At the Siemen's office in London, the protest group are taking the fight to the doorstep of big business. Will it work?
As members of the climate change protest group Extinction Rebellion (or XR) put on their costumes outside the front of the Siemens headquarters in Euston, London, the office’s building manager looks on quietly. Several non-staff members arrive outside for meetings, but are denied entry, not having the correct clearance. They stand in the cold, guffawing in confusion. One of them makes reference to his friend’s Russian heritage, suggesting that, if we were in Moscow, the protestors would have been carted off to the ‘gulag’ by now. The building manager, however, seems unfazed.
“They were very polite,” he tells me briefly. “They said they’d be here for an hour and leave straight away. It was all very cordial.”
Although the layman might associate Siemens with the small indestructible phones of yesteryear, the German multinational has their fingers in all sorts of industrial pies. One of which is providing railway and signalling equipment to Indian company Adani, as it prepares to open an extremely controversial coal mine in Galilee Basin, Queensland, Australia. It is set to be one of the largest mines in the world.
“It's kind of unbelievable, unforgivable, that they're making a business case for supporting this unimaginably bad decision,” says Lorna Greenwood, organiser of this particular protest against Siemens’ involvement. “We just basically witnessed hell on earth in Australia. People are dying, people have lost their homes; some species have been pushed to extinction. This is a company that claims it cares about the environment. And yet it's not only providing services to build this disastrous project, it's providing credibility by putting its name on it.”
The protest, if that’s quite the right term for it (perhaps a placid ‘demonstration’ feels more appropriate), is a far cry from the shut downs of the capital last year. Extinction Rebellion was the name on everyone’s lips last April and October, as whole swathes of London were turned into a sort of climate activist Glastonbury.

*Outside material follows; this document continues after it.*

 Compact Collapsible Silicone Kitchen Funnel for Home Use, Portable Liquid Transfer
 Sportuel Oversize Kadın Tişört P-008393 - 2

People were yanked from the top of tube trains and beaten by irate commuters. Activists were glued to the ground. Poi was performed. Extinction Rebellion’s logo—an hourglass in the centre of a circle or globe—was stickered, etched and spray painted on walls, lampposts, awnings, billboards and everything else in eyeshot.
But in the time since, Extinction Rebellion has gone slightly quiet, save for crashing the Star Wars premier and sticking themselves to Boris’ battle bus. Their patron saint, Greta Thunberg, said at January's World Economic Forum in Davos that, for all the marching and bluster, little has actually been done by way of real change. One wonders what effect, if any, those citywide shutdowns had, though it's worth noting that climate change was "unusually prominent" in the UK media following XR's April protests and polls showed a surge in public concern about climate change.
Businesses are going to have to be a lot more savvy about who they do business with
“I think, in all honesty, we're never gonna be able to recapture the impact that we had in April last year, because certain factors came together to make it happen.” says Lorna. “And I think in a way, it's not necessary to do that, because we've seen a huge shift in the last year—we've won the argument. We've won the argument publicly, for action on climate change, and now what we need to see is that change actually happen.”
If Extinction Rebellion’s primary aim was merely to point a giant foam finger at the impending heat death of the planet, and the people complicit in it, then the mission has been accomplished. But people recycling properly and using paper straws, as instantly noble as it may seem, will not stop us all burning alive. There are a select few people capable of enacting the change that we need to see, and, according to Lorna, they need to be shamed on side.
“They haven't appreciated the significance of what it means to attach their name to something like this. And I think that this is going to become a bigger factor to more and more businesses.”
“If you attach yourself to a project which is climate destroying, you're going to feel the wrath of the public. Businesses are going to have to be a lot more savvy about who they do business with.”
In the brisk morning sun, a woman behind the XR picket line holds the hand of her child, who is dressed in a high-vis jacket and a plastic policeman’s helmet. She is the one wielding the megaphone, and speaks about the coal mine and the wildfires with undoubted passion but next to no confidence.
While packing up, another cries into the arms of the XR police liaison. Lorna tells me the movement is all about love, which is admirable. But they may have to steel themselves a little more, and be bolder, because to the people they’re coming for—multinational conglomerate CEOs and their benefactors—love is a foreign language.